Information provided >>

════════════════════

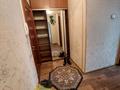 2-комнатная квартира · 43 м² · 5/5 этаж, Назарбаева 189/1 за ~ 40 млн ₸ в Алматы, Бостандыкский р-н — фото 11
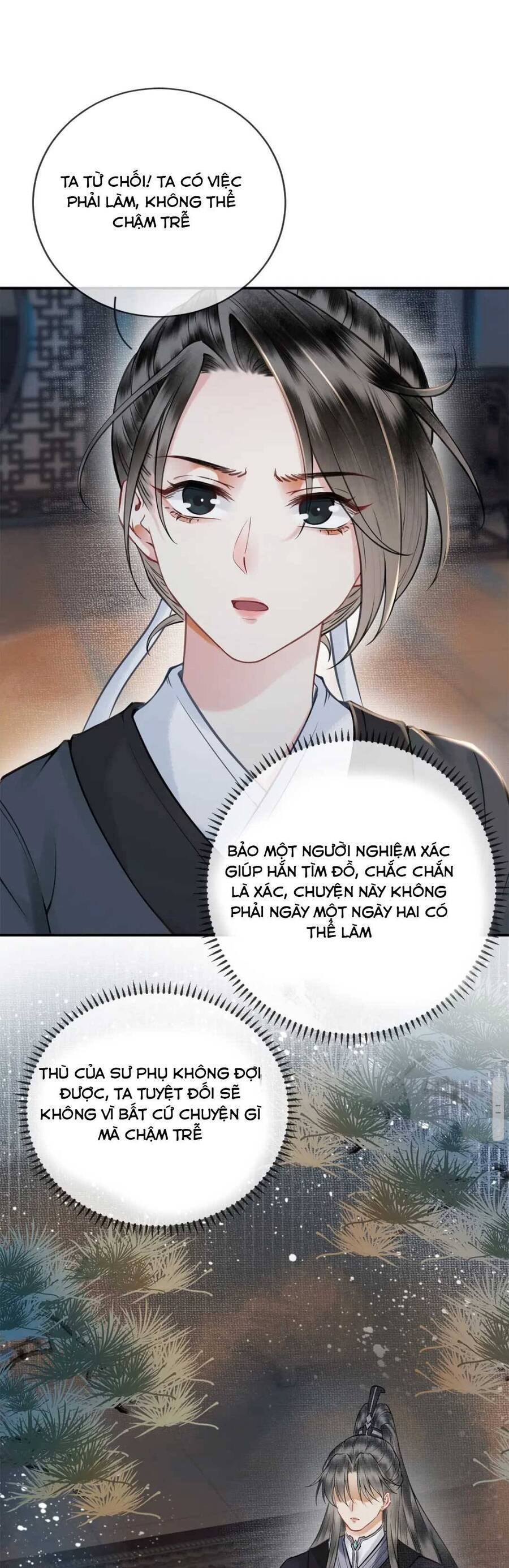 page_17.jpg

════════════════════

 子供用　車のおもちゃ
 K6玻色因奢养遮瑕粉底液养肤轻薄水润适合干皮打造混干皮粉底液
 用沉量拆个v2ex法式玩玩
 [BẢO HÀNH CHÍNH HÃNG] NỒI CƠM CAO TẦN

════════════════════

Output exactly those lines of the data above that run from the line with "2-комнатная квартира ·" up to and including the line with "page_17.jpg". No pictures go in.

 2-комнатная квартира · 43 м² · 5/5 этаж, Назарбаева 189/1 за ~ 40 млн ₸ в Алматы, Бостандыкский р-н — фото 11
 page_17.jpg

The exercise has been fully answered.